Collected data
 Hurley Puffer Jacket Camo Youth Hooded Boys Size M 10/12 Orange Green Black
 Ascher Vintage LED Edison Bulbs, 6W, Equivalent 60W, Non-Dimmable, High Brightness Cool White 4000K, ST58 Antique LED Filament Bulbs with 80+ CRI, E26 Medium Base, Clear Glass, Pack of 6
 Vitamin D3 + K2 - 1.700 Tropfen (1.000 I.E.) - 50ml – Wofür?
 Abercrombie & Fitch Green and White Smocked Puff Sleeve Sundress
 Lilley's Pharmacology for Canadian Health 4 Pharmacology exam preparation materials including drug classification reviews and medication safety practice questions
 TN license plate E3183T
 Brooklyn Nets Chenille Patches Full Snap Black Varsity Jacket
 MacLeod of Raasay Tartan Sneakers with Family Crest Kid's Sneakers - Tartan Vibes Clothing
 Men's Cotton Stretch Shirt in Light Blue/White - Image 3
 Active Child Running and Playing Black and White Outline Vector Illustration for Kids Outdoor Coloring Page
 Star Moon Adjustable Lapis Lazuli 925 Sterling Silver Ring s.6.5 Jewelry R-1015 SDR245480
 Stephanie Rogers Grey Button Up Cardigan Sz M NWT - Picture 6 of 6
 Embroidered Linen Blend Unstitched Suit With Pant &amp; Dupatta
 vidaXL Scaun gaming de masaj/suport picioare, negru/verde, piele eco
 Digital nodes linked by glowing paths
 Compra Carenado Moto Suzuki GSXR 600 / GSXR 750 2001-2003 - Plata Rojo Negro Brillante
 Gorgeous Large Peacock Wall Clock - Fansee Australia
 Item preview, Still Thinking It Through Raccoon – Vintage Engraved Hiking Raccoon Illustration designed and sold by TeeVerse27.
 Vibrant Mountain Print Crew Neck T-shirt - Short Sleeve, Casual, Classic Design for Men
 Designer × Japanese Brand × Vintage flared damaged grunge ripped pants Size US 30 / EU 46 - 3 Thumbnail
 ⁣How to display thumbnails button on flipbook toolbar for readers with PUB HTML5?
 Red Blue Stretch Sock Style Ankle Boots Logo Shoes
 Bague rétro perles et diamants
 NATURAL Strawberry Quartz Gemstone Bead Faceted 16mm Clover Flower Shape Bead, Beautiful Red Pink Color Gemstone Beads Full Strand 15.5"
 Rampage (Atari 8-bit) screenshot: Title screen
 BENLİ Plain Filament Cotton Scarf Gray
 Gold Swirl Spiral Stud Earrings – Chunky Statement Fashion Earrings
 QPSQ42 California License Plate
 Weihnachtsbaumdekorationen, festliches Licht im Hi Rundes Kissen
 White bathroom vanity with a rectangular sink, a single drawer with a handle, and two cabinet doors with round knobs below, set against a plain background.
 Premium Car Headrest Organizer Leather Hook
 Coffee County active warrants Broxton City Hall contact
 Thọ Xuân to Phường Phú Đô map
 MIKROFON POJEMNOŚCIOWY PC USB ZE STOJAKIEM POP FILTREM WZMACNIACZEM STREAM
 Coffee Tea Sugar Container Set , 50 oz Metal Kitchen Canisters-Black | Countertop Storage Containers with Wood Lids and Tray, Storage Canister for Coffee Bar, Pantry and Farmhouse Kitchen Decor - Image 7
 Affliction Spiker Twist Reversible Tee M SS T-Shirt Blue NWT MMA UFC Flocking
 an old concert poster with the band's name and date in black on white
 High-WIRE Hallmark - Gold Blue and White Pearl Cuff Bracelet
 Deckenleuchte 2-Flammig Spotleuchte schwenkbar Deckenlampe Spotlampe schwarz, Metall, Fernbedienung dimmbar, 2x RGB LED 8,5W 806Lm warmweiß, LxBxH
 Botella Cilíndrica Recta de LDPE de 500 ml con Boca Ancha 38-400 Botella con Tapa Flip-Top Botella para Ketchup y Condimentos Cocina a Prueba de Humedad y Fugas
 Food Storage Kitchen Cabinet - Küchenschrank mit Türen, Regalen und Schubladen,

Brief:
Look through the entries above and quote exactly the lines from the line with "Vitamin D3 +" to the line with "Thọ Xuân to Phường Phú Đô map", counting both of those lines.

Result of this exercise:
 Vitamin D3 + K2 - 1.700 Tropfen (1.000 I.E.) - 50ml – Wofür?
 Abercrombie & Fitch Green and White Smocked Puff Sleeve Sundress
 Lilley's Pharmacology for Canadian Health 4 Pharmacology exam preparation materials including drug classification reviews and medication safety practice questions
 TN license plate E3183T
 Brooklyn Nets Chenille Patches Full Snap Black Varsity Jacket
 MacLeod of Raasay Tartan Sneakers with Family Crest Kid's Sneakers - Tartan Vibes Clothing
 Men's Cotton Stretch Shirt in Light Blue/White - Image 3
 Active Child Running and Playing Black and White Outline Vector Illustration for Kids Outdoor Coloring Page
 Star Moon Adjustable Lapis Lazuli 925 Sterling Silver Ring s.6.5 Jewelry R-1015 SDR245480
 Stephanie Rogers Grey Button Up Cardigan Sz M NWT - Picture 6 of 6
 Embroidered Linen Blend Unstitched Suit With Pant &amp; Dupatta
 vidaXL Scaun gaming de masaj/suport picioare, negru/verde, piele eco
 Digital nodes linked by glowing paths
 Compra Carenado Moto Suzuki GSXR 600 / GSXR 750 2001-2003 - Plata Rojo Negro Brillante
 Gorgeous Large Peacock Wall Clock - Fansee Australia
 Item preview, Still Thinking It Through Raccoon – Vintage Engraved Hiking Raccoon Illustration designed and sold by TeeVerse27.
 Vibrant Mountain Print Crew Neck T-shirt - Short Sleeve, Casual, Classic Design for Men
 Designer × Japanese Brand × Vintage flared damaged grunge ripped pants Size US 30 / EU 46 - 3 Thumbnail
 ⁣How to display thumbnails button on flipbook toolbar for readers with PUB HTML5?
 Red Blue Stretch Sock Style Ankle Boots Logo Shoes
 Bague rétro perles et diamants
 NATURAL Strawberry Quartz Gemstone Bead Faceted 16mm Clover Flower Shape Bead, Beautiful Red Pink Color Gemstone Beads Full Strand 15.5"
 Rampage (Atari 8-bit) screenshot: Title screen
 BENLİ Plain Filament Cotton Scarf Gray
 Gold Swirl Spiral Stud Earrings – Chunky Statement Fashion Earrings
 QPSQ42 California License Plate
 Weihnachtsbaumdekorationen, festliches Licht im Hi Rundes Kissen
 White bathroom vanity with a rectangular sink, a single drawer with a handle, and two cabinet doors with round knobs below, set against a plain background.
 Premium Car Headrest Organizer Leather Hook
 Coffee County active warrants Broxton City Hall contact
 Thọ Xuân to Phường Phú Đô map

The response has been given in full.